One day we were listening to the radio and heard all about this fantastic Woodstock concert happening in White Lake, only about 50 miles away. Well that started all the plotting and planning. We were thinking we would just take “Aunt Kelly” and “Uncle Joe’s” Ford Falcon and drive there. Kelly & Joe were the elderly couple who owned and ran the camp. That’s what they told the campers to call them. But we soon realized it would be tricky to get the key from the house (if we even knew where they kept it), and…none of us had drivers licenses or even knew how to drive. We were all from either Long Island or Connecticut, had no clue where White Lake was. We thought it was about ten miles away, but in what direction? We heard on the radio that “the New York State Thruway’s closed”. We figured in our 15 year old brains that it meant ALL the roads in the area were jammed. Well, maybe they were. And then we thought, “Aha! We’ll just saddle up four horses and ride there!” We could ride through fields and mountain trails if we had to. Then reality hit. We had no clue which way to go, and if we did, Kelly and Joe would surely call the police about the stolen horses (never mind, the missing campers), or worse yet…our parents! It was killing us that we considered ourselves part of the hippy culture, but we were trapped here like doofy kids. It was so frustrating that we were so close, yet so far from where we wanted to be, physically and mentally.

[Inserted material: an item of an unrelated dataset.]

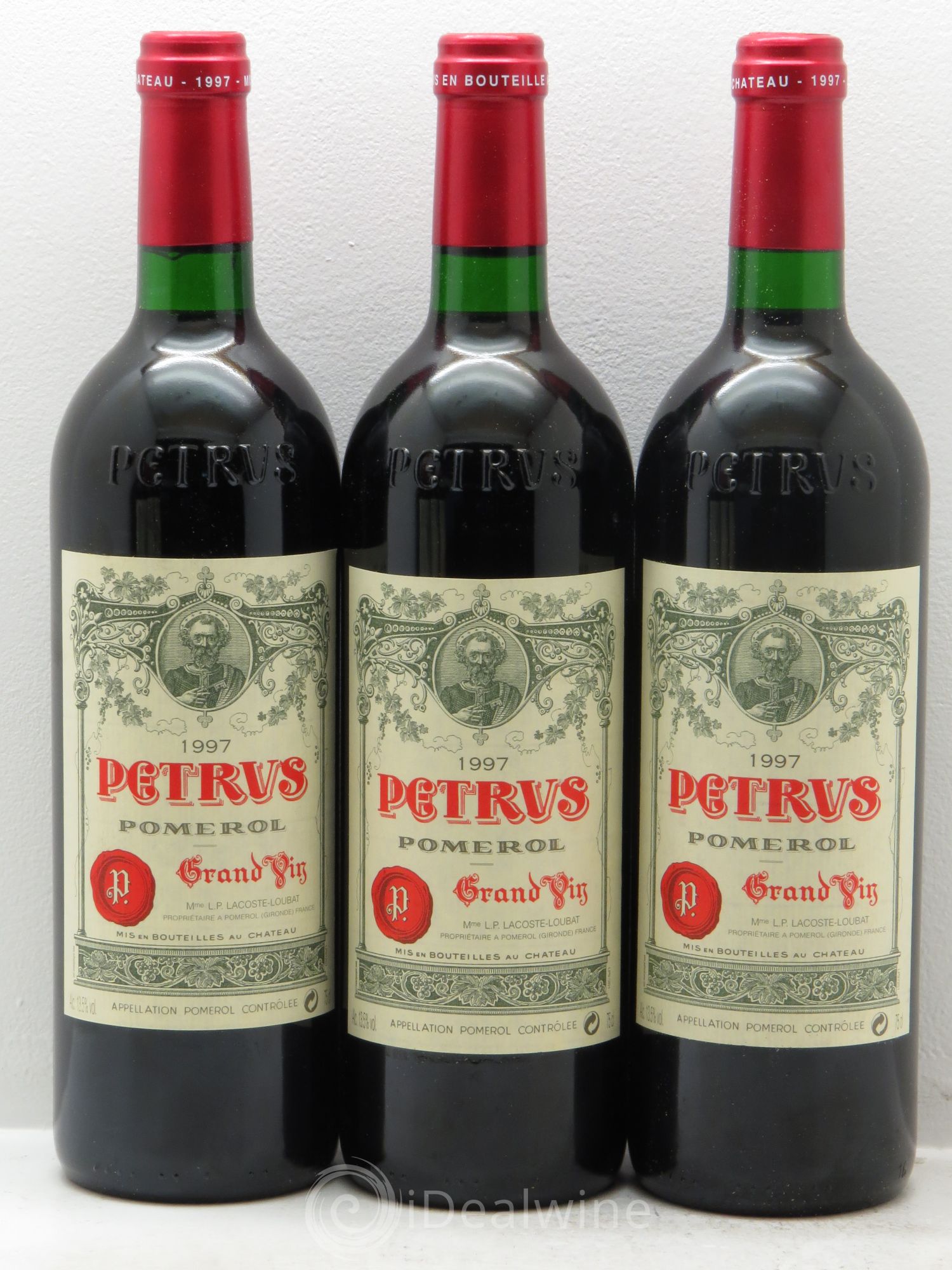Petrus 1997 - Lot de 6 bouteilles - 1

And so, we resigned ourselves to listening to the news of the concert that was the “center of the universe”, and the “dawning of the Age of Aquarius” on the transistor radio, smoking and drinking ourselves silly in the culvert, and flirting with the married, but handsome young handyman. The music from the concert still brings back memories and feelings of being in the last days of carefree innocence and on the brink of hipness.